The chiefs of both companies, who have slashed costs to restore profitability in recent years, said they aimed to keep swelling their operating margins this year, but cautioned high costs of raw material, particularly steel, would make life tougher in the second half.
"The Faurecia results are better than forecast and the sales target is more upbeat, mainly because the market has recovered more than expected," said Patrice Solaro at Kepler Equities, Another Paris-based analyst said Valeo's return to underlying sales growth in the second quarter was "a nice surprise".
But they both said high raw-material costs were a worry, with Faurecia Chairman Pierre Levi predicting they would lop "several tens of millions of euros" off operating profit this year, and Valeo's Thierry Morin said prices would remain high for another 12 months.
"The blue note is the rise in raw-material prices which could make improving margins in the second half more difficult," said one Paris-based analyst.
CAR MARKET RECOVERS
Faurecia said net profit in the six months to the end of June totalled 31.9 million euros ($39.12 million) versus 16.2 million a year earlier. Operating income rose to 200.9 million euros from 161.3 million and sales climbed 5.3 percent to 5.521 billion euros.
Faurecia also confirmed it aimed to improve its sales and operating margin in the second half versus 2003, even though it expected car production to be close to last year's.

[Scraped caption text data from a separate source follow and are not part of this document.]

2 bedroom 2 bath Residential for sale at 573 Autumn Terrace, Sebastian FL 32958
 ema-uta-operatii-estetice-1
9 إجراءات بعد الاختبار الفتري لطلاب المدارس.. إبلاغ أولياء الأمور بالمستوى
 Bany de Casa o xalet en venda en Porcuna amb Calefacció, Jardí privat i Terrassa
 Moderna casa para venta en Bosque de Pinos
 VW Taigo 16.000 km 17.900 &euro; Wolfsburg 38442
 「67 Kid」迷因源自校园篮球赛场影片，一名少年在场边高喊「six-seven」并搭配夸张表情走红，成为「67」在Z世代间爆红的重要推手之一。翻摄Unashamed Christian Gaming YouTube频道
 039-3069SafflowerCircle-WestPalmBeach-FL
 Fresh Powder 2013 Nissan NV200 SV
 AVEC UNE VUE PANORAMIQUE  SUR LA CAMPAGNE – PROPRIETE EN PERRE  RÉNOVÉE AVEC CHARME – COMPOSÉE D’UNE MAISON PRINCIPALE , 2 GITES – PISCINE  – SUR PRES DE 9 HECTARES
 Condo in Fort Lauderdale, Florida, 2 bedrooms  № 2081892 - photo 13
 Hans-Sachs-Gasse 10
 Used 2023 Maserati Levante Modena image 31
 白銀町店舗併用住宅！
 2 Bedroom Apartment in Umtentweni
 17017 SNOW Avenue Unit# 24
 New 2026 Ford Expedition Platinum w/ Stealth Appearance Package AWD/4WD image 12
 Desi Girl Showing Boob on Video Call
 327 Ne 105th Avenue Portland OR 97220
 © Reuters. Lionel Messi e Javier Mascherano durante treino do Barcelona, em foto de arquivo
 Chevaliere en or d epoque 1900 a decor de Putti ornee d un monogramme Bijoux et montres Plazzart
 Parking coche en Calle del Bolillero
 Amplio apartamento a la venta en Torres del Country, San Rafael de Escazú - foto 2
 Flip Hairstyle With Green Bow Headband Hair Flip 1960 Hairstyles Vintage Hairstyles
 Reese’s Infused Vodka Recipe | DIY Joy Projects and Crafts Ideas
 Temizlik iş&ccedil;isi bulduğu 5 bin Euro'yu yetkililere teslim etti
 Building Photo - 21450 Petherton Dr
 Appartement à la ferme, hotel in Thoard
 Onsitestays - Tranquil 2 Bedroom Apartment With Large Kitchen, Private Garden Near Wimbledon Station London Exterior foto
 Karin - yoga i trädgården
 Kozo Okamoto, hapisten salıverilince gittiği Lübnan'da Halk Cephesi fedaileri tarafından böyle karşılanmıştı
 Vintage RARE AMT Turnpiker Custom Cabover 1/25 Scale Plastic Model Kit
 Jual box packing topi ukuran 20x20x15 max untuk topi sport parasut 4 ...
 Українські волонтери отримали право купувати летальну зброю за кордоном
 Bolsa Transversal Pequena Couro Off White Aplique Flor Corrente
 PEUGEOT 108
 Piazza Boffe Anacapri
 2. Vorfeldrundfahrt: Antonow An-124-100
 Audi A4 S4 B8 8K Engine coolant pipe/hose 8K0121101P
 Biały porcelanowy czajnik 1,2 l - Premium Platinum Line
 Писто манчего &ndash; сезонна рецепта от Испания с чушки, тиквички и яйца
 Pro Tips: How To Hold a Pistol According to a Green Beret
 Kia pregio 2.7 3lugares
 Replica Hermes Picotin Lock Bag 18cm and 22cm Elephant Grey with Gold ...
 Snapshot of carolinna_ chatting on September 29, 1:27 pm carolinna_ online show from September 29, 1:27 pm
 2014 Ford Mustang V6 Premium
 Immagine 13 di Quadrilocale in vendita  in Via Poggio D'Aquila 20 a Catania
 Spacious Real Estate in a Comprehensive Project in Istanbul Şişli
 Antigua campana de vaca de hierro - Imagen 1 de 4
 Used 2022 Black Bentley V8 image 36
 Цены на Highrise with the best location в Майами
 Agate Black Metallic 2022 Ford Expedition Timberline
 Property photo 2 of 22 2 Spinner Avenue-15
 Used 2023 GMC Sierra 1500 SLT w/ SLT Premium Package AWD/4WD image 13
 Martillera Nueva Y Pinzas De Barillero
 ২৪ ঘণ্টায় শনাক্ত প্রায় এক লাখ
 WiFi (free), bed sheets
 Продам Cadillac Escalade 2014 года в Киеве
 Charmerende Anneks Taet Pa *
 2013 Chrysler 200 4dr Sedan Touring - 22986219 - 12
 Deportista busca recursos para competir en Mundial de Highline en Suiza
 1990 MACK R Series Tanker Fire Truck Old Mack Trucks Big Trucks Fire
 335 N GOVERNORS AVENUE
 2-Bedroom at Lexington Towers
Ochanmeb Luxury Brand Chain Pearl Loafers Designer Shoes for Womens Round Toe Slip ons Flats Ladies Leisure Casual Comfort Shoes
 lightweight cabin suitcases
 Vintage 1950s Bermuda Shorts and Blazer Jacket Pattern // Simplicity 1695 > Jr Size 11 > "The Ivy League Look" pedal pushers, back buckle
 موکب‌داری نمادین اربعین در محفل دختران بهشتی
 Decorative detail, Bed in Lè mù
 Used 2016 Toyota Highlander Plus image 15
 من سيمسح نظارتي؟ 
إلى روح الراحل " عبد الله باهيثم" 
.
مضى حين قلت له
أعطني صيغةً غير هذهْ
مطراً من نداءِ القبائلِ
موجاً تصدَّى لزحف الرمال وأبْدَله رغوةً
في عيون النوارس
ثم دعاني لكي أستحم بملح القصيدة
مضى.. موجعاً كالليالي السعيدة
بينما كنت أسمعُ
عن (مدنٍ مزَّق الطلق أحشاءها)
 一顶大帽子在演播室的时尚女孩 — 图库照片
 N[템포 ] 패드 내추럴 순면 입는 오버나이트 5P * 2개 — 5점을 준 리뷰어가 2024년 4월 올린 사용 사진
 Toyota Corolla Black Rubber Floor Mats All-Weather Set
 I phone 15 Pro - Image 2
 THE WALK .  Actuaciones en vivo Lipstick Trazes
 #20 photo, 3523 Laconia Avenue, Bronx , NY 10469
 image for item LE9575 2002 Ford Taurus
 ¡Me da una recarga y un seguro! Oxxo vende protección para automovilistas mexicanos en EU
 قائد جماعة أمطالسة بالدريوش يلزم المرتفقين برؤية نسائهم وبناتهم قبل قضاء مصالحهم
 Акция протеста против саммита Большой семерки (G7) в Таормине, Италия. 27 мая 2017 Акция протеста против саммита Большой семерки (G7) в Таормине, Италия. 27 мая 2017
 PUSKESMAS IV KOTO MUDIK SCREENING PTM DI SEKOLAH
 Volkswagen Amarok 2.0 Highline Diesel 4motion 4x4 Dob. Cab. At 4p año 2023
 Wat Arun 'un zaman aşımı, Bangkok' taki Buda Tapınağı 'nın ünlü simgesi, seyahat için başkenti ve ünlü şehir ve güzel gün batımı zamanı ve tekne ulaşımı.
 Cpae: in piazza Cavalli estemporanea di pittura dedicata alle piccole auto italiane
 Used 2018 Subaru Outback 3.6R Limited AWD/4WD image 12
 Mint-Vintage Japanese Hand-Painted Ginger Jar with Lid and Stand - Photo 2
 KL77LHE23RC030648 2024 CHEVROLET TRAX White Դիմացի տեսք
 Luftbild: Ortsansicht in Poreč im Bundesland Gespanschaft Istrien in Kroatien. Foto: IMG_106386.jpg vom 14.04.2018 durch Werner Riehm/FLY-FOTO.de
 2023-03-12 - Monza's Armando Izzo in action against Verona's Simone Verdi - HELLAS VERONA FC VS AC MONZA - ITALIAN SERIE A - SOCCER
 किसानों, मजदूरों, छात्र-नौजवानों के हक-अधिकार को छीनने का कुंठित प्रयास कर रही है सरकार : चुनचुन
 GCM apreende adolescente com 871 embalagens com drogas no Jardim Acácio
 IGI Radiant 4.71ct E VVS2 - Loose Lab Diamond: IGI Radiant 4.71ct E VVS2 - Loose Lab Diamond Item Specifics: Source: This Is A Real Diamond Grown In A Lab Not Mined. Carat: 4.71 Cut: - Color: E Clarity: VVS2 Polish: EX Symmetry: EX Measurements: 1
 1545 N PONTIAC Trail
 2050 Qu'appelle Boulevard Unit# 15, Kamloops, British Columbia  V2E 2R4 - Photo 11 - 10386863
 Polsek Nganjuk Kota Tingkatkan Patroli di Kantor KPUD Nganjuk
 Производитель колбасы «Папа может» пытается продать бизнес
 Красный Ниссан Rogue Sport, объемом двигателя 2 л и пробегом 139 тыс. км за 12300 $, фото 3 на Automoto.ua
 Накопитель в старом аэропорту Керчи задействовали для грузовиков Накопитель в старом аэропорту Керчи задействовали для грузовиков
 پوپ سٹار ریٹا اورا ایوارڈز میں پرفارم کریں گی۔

"We are expecting growth close to zero, although that said, production in recent months has been good so perhaps we'll get a pleasant surprise," Levi told a news conference.
Total car sales in Western Europe stumbled 1.3 percent lower last year as motorists worried by a weak economy kept a close eye on their wallets, but demand has started to pick up this year and many experts expect a clear upturn in the second half.
Suppliers like Faurecia and Valeo have suffered in recent years as car makers battling sluggish markets and cut-throat competition try to save cash by paying less for parts. Both swung into the red and have been forced to slash costs.
Valeo, which is winding up a two-year revamp and is now on the prowl for acquisitions to bolster its sales, said it hopes to make a purchase in the electronic sector this year.